The negative associations may come from the Castle – the 19th century construction is not especially pretty and you need to be a Mexican modern history buff to find it interesting. The Zoo can easily be skipped (although it is famous for its success in giant panda breeding!). The city park itself also is not as lush as those in other capital cities. But there is a lot of history to be found on these 600 hectares. They comprise 3 ‘green lungs’ which are nowadays mostly used for recreational and educational activities by Mexico City's nearly 9 million citizens.

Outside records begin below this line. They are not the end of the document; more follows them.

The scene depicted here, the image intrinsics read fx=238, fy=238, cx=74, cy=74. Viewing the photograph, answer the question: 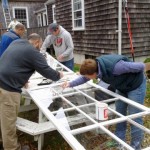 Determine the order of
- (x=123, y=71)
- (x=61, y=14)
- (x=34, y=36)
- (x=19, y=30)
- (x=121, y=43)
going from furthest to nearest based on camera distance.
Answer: (x=61, y=14) → (x=121, y=43) → (x=19, y=30) → (x=34, y=36) → (x=123, y=71)

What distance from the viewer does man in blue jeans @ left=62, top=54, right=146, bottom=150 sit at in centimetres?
265

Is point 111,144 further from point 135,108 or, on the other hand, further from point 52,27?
point 52,27

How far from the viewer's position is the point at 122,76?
9.12 ft

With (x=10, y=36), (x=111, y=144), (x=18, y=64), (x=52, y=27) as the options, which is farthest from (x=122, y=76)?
(x=52, y=27)

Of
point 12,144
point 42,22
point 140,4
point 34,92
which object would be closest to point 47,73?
point 34,92

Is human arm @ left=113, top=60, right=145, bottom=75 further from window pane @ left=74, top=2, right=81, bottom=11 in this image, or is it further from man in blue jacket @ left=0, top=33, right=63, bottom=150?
window pane @ left=74, top=2, right=81, bottom=11

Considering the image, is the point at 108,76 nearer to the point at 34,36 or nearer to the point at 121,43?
the point at 34,36

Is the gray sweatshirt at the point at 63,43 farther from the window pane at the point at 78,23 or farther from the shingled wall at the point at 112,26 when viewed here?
the window pane at the point at 78,23

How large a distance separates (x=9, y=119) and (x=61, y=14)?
9.50 metres

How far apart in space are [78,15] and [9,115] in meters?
7.72

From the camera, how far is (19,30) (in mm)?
4371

On my second visit to Mexico City in 2014 I explored Chapultepec by bike. I had joined a bicycle tour which I would not especially recommend, but at least we ticked off some of the sights near the Reforma avenue and in the Park. We visited on a Sunday, that’s when the main Reforma road is closed to car traffic. I believe Mexico City was the first city to do so each Sunday, a great initiative I think. Several other Latin American cities have followed its example. We must have encountered hundreds of cyclists and skaters – from beginners to athletes.

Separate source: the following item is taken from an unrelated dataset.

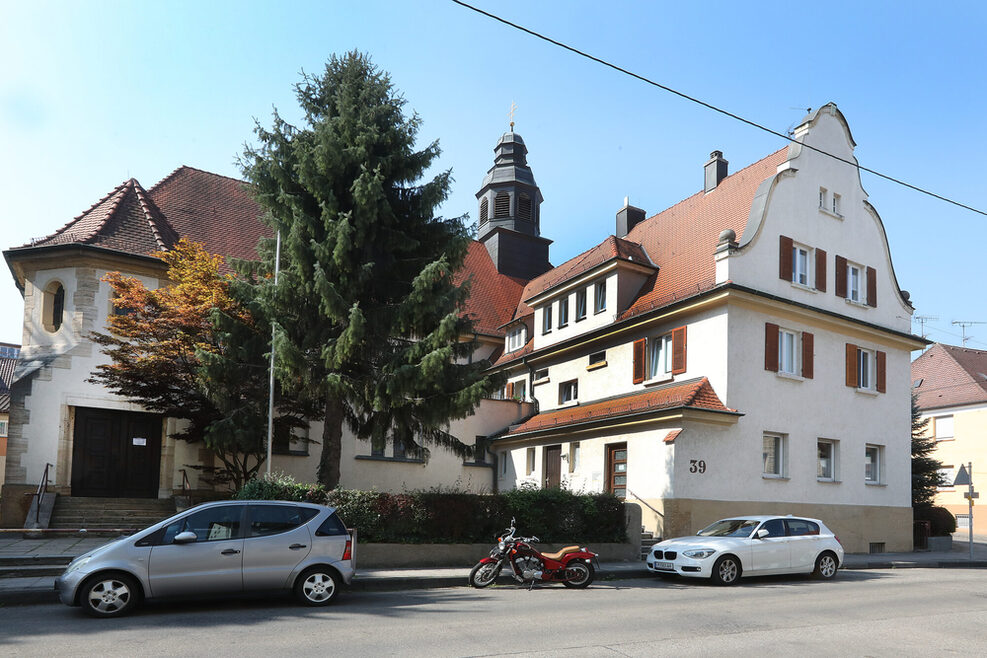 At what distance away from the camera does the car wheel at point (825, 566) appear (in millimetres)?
16797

In the park we stopped at the Botanical Garden. You can see from the plants here that the climate in Mexico City is very special: it is a city in the tropics, but also at an altitude of 2,400 meters. The vegetation is therefore a mix of tropical plants and plants brought by Europeans. A natural monument of interest deeper into the park is this notable tree: the Ahuehuete "El Sargento". It is a Mexican cypress tree planted by the pre-Columbian ruler Nezahualcoyotl around 1460. It is now reduced to its dead trunk.
After the tour I went to the no.1 highlight of Chapultepec: the Museum of Anthropology. Together with the Gold Museum in Bogota this is right at the top of the best museums across Latin America. Sunday is an extra busy day here, because the Mexicans can enter for free. One can spend hours here, but I stuck to a selection of works from Teotihuacan, Mexica and the coast of Mexico. It was busy, but the museum is so spacious that you can still see the most beautiful things at your leisure.
Finally: the voladores. I had watched them before in 1997 and wanted to relive the experience. The voladores comprise a native Mexican tradition and are part of UNESCO’s intangible cultural heritage list. 5 men climb into a 30 meter high pole and then 4 of them circle around downwards at the same time on a rope tied around one foot. A group of Totonac voladores always performs next to the Anthropological Museum, somewhat hidden behind the hamburger and ice cream stands on a lawn.
I found them with an audience of about 50 people. The men had already climbed to the top of the pole. Some fireworks and music followed, and they started spinning down. Within a few minutes they were back with both feet on the ground. Originally this was a spiritual ceremony, "a fertility dance", but now it is performed for donations.